Lately there has been a lot of buzz about employers asking potential employees for their Facebook passwords. I heard yet another story about this over the weekend. While I don’t feel employers should be asking for social media passwords, this post is more about the irony that employers want social passwords but are not asking for social skills in job postings.

It is as alarming as it is ironic. As shown in my report “Job Postings – Hiring for IT’s Past” (published last week on Gartner.com), 95% of job postings sampled in this Gartner study pay little attention to social and other nontechnical skills. Six major job markets were part of the study and the results all point to a lack of interest in social skills. Although the postings ask for the latest technical skills, human engagement requirements were conspicuously missing. This lack of human engagement elements in job postings signals a problem for IT organizations that rely on poorly-defined job descriptions to entice engaged contributors into their workforce.

This illustrates a big problem with job postings – they really don’t ask for what organization’s need today. It evidently extends into the way that technical skills are being asked for too. Late last week I talked about the report in the post “IT job postings ask for the wrong thing”. One reader mentioned a job posting where the employer was looking for a SharePoint 2010 specialist with 10 years experience!  The jokes about job postings sometimes write themself, but in this case someone commented they were not advertising for a software engineer, but rather they were hoping to hire a Time Lord.

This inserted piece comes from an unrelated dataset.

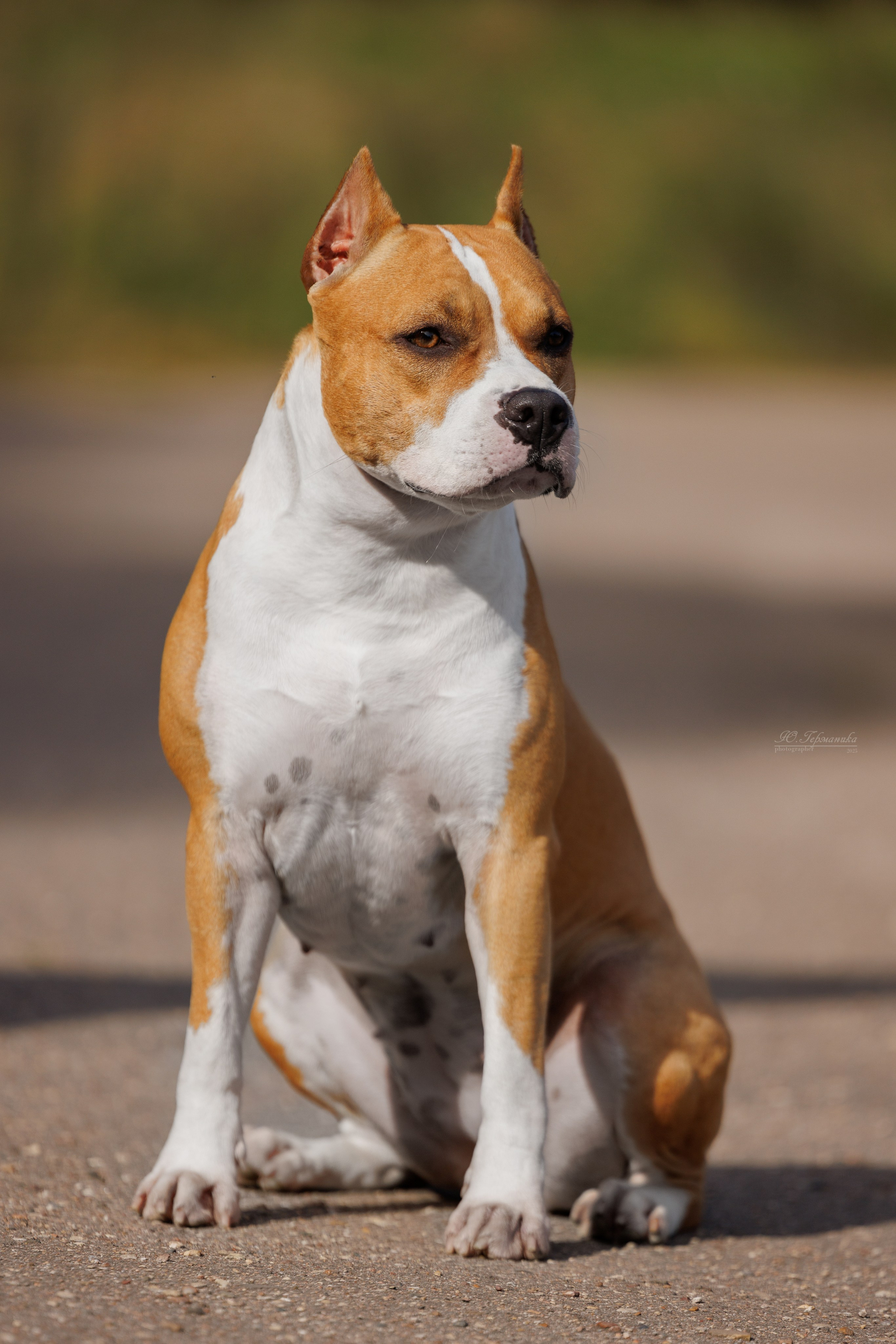 Зеленоград 13.09.2025. Фотограф-анималист Юлия Германика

Most job postings are as inspiring as dry toast. Organizations need to look at the entire process that yields job postings that ask for the wrong things and lack the elements to attract engaged contributors —  the job postings and by association job descriptions, evaluations, and reward systems. We need to start appreciating and asking for nontechnical skills that tailor the specific nontechnical skill to the actual role. If you are a hiring manager, how many times have you done one or more of the following:

  • Used an existing job description as the basis for a new role because it existed in the right pay grade, made minor edits, and posted the opportunity?
  • Provide updates to the technical skills in job descriptions, but do not think about the non-technical skills you and your organization values, and why?
  • Ask for nontechnical skills in descriptions for managerial positions, but rarely ask for nontechnical skills for front-line staff? (By the way, stating “must have excellent written and communications skills” does not count. We’ve seen this tired phrase in job postings for decades.)
  • Not given any thought to how societal changes impact what people want from employment and their employer? (e.g. if individuals are looking for meaning, engagement, and the ability to contribute, then what does your outdated posting tell them? Does it attract them or scare them away?)
  • Speed through the posting process and rarely consider what traits you need in new employees in order to remain innovative, flexible and able to adapt?
  • Hire clones – “we’re missing an employee in this slot, better fill it with an identical skill set”

Many of us have done one or more of these things. The tyranny of delivery causes us to overlook systemic problems in the name of getting it off our plate. However, this is a problem that will bite you in the back later and needs your attention now. Organizations need to take a hard look at themselves and their practices, stop solely accentuating technical skills and write meaningful job descriptions that express how they value nontechnical skills. We need to think about the skills required for IT’s future and then attract the best people into those roles. We also need to provide meaningful guidance to IT professionals so they can prepare themselves for the future (either on their own or with the encouragement of their organizations to stay relevant in the IT job market).

Do you see a problem with job postings? Do you think that employers care about non-technical skills like influence, collaboration, persuasion, sharing contrarian ideas, and respectfully questioning status-quo? Do employers want engaged contributors or technical drones? Let’s hear from you.